This Agreement constitutes, or shall constitute when executed and delivered, a
valid and binding obligation of the Company enforceable against the Company in
accordance with its terms, except as rights to indemnity may be limited under
applicable Law and except as such enforceability may be limited by applicable
bankruptcy, insolvency, reorganization, moratorium, liquidation,
conservatorship, receivership or similar laws relating to, or affecting
generally the enforcement of, creditor's rights and remedies or by other
equitable principles of general application.
(c) Capitalization. The authorized capital stock of the
Company and the shares thereof issued and outstanding as of the date hereof are
set forth on Schedule 3.1(c) attached hereto. All of the outstanding shares of
Common Stock have been duly and validly authorized, and are fully paid and
nonassessable. Except as set forth on Schedule 3.1(c) attached hereto, as of the
date hereof, no shares of Common Stock are entitled to preemptive rights or
registration rights and there are no outstanding options, warrants, scrip,
rights to subscribe to, call or commitments of any character whatsoever relating
to, or securities or rights convertible into, any shares of capital stock of the
Company. Furthermore, except as set forth on Schedule 3.1(c) attached hereto, as
of the date hereof, there are no contracts, commitments, understandings, or
arrangements by which the Company is or may become bound to issue additional
shares of the capital stock of the Company or options, securities or rights
convertible into shares of capital stock of the Company. Except as set forth on
Schedule 3.1(c) attached hereto, as of the date hereof, the Company is not a
party to, and it has no knowledge of, any agreement restricting the voting or
transfer of any shares of the capital stock of the Company. Except as set forth
on Schedule 3.1(c) attached hereto, as of the date hereof, the Company is not a
party to any agreement granting registration rights to any person with respect
to any of its securities. The Company has furnished or made available to the
Purchaser true and correct copies of the Company's Certificate of Incorporation
as in effect on the date hereof (the "Articles"), and the Company's Bylaws as in
effect on the date hereof (the "Bylaws").
(d) Issuance of Shares. The Shares to be issued under this
Agreement have been duly authorized by all necessary corporate action and, when
paid for and issued in accordance with the terms hereof, the Shares shall be
validly issued and outstanding, fully paid and nonassessable, and the Purchaser
shall be entitled to all rights accorded to a holder of Common Stock.

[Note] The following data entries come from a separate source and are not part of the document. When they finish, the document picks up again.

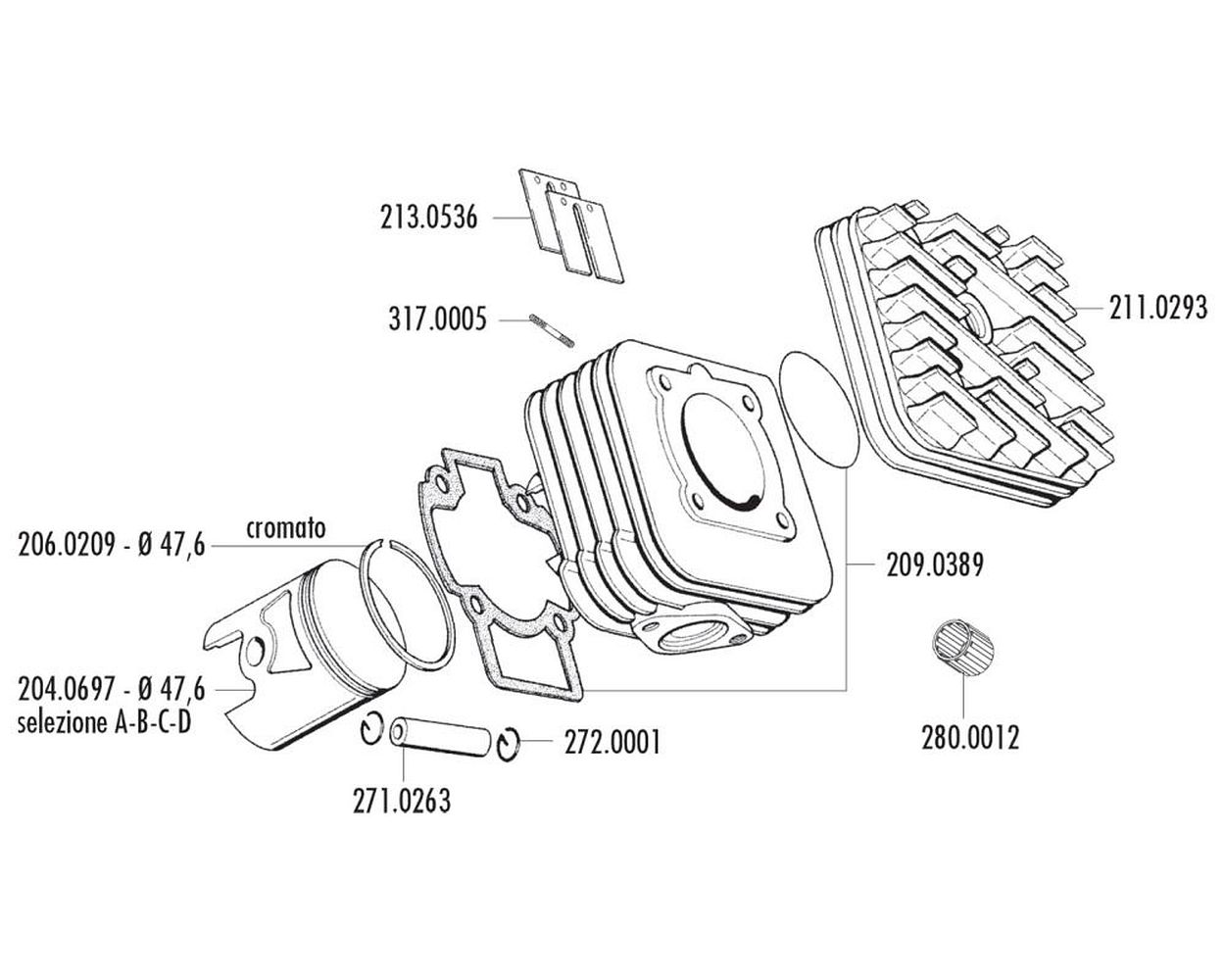 Kolben POLINI 70 ccm 47,6 mm Aluminium Sport für Piaggio AC B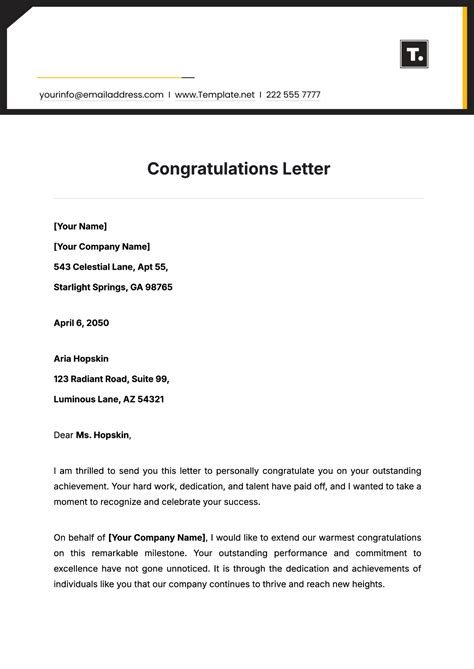 Free Promotion Congratulation Letter Template to Edit Online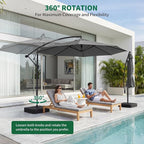 10FT Patio Umbrella with Base, Outdoor Umbrella Pool Umbrella Cantilever - Image 6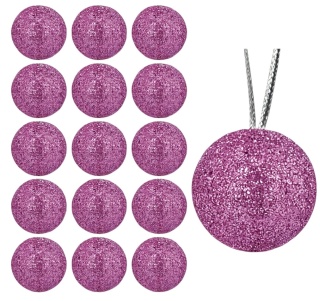 Bombki choinkowe brokatowe ozdoby świąteczne 2,5cm 18szt różowy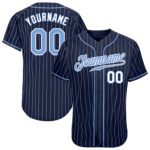 Custom Navy White Pinstripe Light Blue White Authentic Baseball Jersey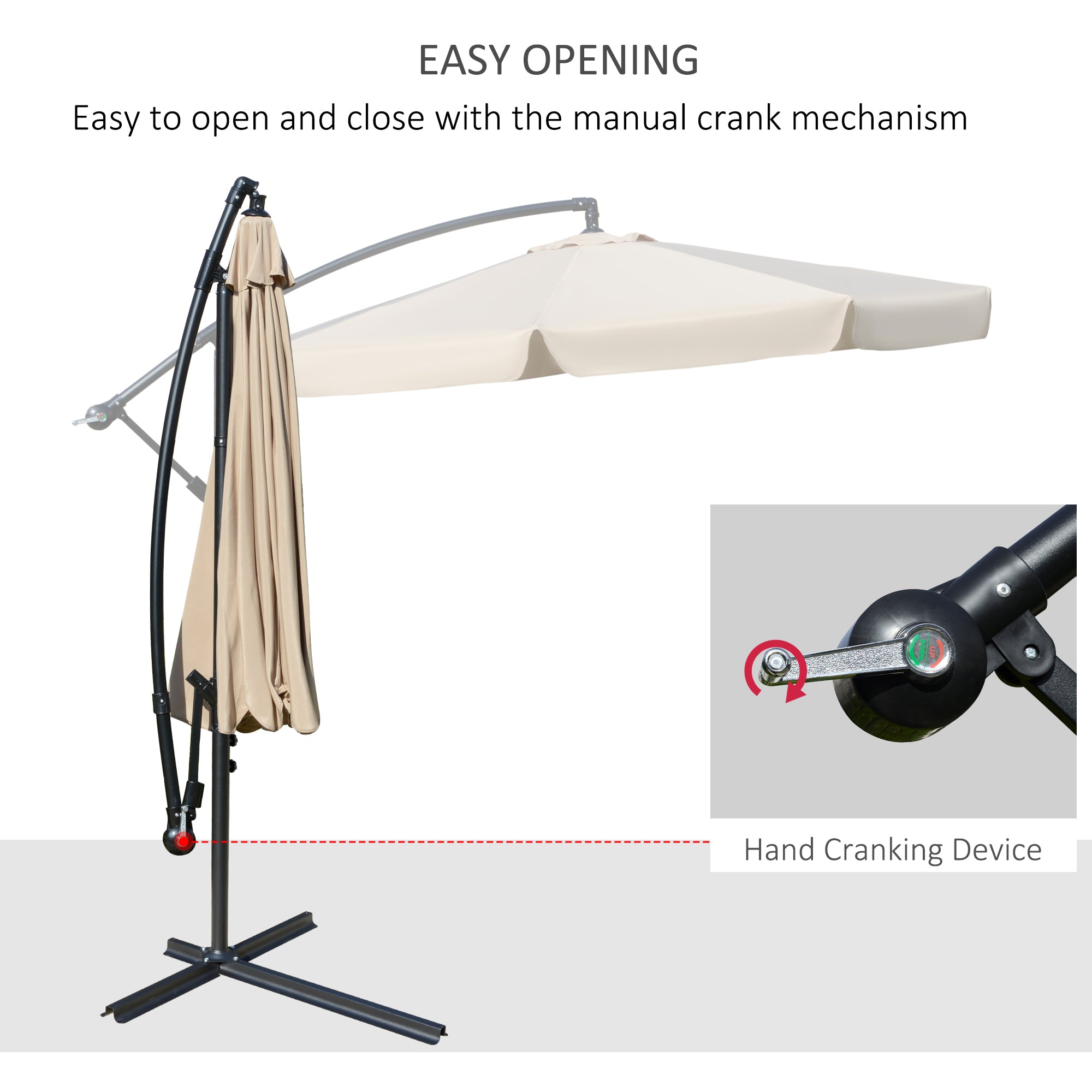 Outsunny 2.7m Cantilever Parasol Banana Sun Umbrella with Crank Handle and Cross Base for Outdoor Hanging Sun Shade Light Brown - North Peak Garden Furniture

(e) No Conflicts. The execution, delivery and performance of
this Agreement by the Company and the consummation by the Company of the
transactions contemplated herein do not (i) violate any provision of the
Company's Articles or Bylaws, (ii) conflict with, or constitute a default (or an
event which with notice or lapse of time or both would become a
7
default) under, or give to others any rights of termination, amendment,
acceleration or cancellation of, any material agreement, mortgage, deed of
trust, indenture, note, bond, license, lease agreement, instrument or obligation
to which the Company is a party, (iii) create or impose a lien, charge or
encumbrance on any property of the Company under any agreement or any commitment
to which the Company is a party or by which the Company is bound or by which any
of its respective properties or assets are bound, or (iv) result in a violation
of any Law (including federal and state securities laws and regulations)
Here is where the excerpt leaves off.